Most of the time it’s pretty cold out there, especially walking past Lake Mansfield, the Great Barrington town lake. Sometimes the water freezes up enough to take your weight and it’s possible to walk on the lake. However, you can’t always tell exactly how frozen it is simply by looking and if you’re not very careful, you might end up in the lake rather than on it. I do not recommend this.
As I have written in this space before, walking is an integral part of staying alive. We need to stay healthy by moving and exercising our muscles. Naturally, it makes sense to protect your body parts with the right clothing. But that so-called proper clothing may change from day to day as the weather does. After all, your hands and toes and other extremities remain at the mercy of the elements. If you are not careful, the cold will catch up with you, and you may end up putting yourself in real danger. This has certainly happened in the past and can create real problems.
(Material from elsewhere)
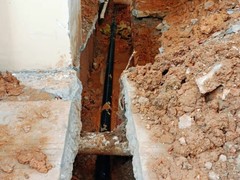 广西欧欧管道工程有限公司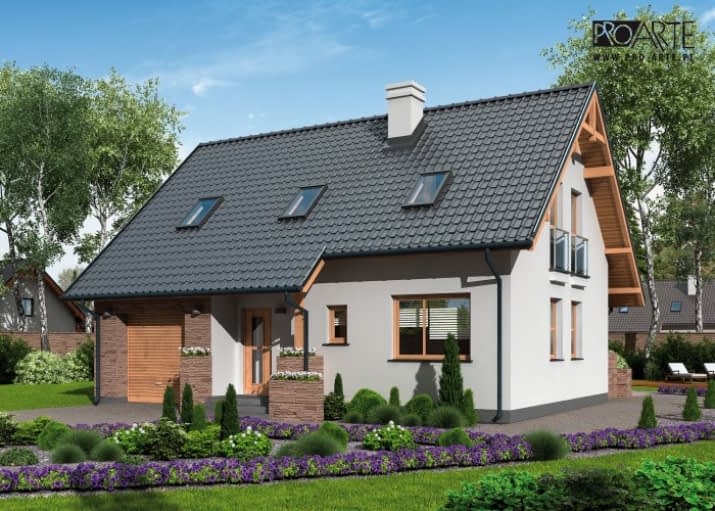 LAMIA 4 - wizualizacja 2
One of the reasons why face masks are so important is that it does not take long for parts of your face, including your nose, lips, and tongue, to freeze and create not only discomfort but the possibility of real damage to your body. When I walk each day, I frequently see someone who is not properly protected from the cold. It seems clear to me that, too often, we humans ignore the potential danger that we face in the course of living. Think of all the fighting forces that have not paid proper heed to protecting their bodies. As a result, many soldiers have suffered great harm. Likewise, we hear a lot about our propensity to hurt ourselves as a result of exposure to the elements.
We know that we can harm ourselves, and we are certainly aware, as we prepare to exit our warm places, that we have an obligation to cover ourselves and to protect our sensitive skin. And yet too many of us don’t take the simplest precautions, probably because we have a false sense of security and, on some level, consider ourselves invincible. I suspect that we have always fooled ourselves about what we need to do when we are most threatened. So, why do we do this? What is it about the human psychology that tricks us into fooling ourselves?
If I walk with my gloves in my pocket and not where they belong on my hands, I find that, when I return to the safety of my home, my fingers and hands are not hurting the way I might expect that they would be. Maybe the answer to all of this is that we tend to fool ourselves and that is just plain dumb. This year has been a real study in fooling ourselves. Our false expectations about the weather can lead us into real trouble and it turns out that we are capable of doing real harm to ourselves.
Back when I was a kid and taking music lessons from Mr. Steiker on 78th Streetand Riverside Drive, I thought that there was no colder place on earth than on that corner. In fact, Steiker regularly made us walk up to Broadway and buy him hotdogs. (He paid.) Perhaps that’s why I truly believe that they’re no delicacy more delicious in the world than franks on a roll covered with sauerkraut and mustard. The difficulty of the trip from Riverside Drive to Broadway could not have been matched by anything less than climbing Mt. Kilimanjaro. Of course, if you refused Steiker’s request to get the stuff, you risked a kick in the shins. I loved the guy.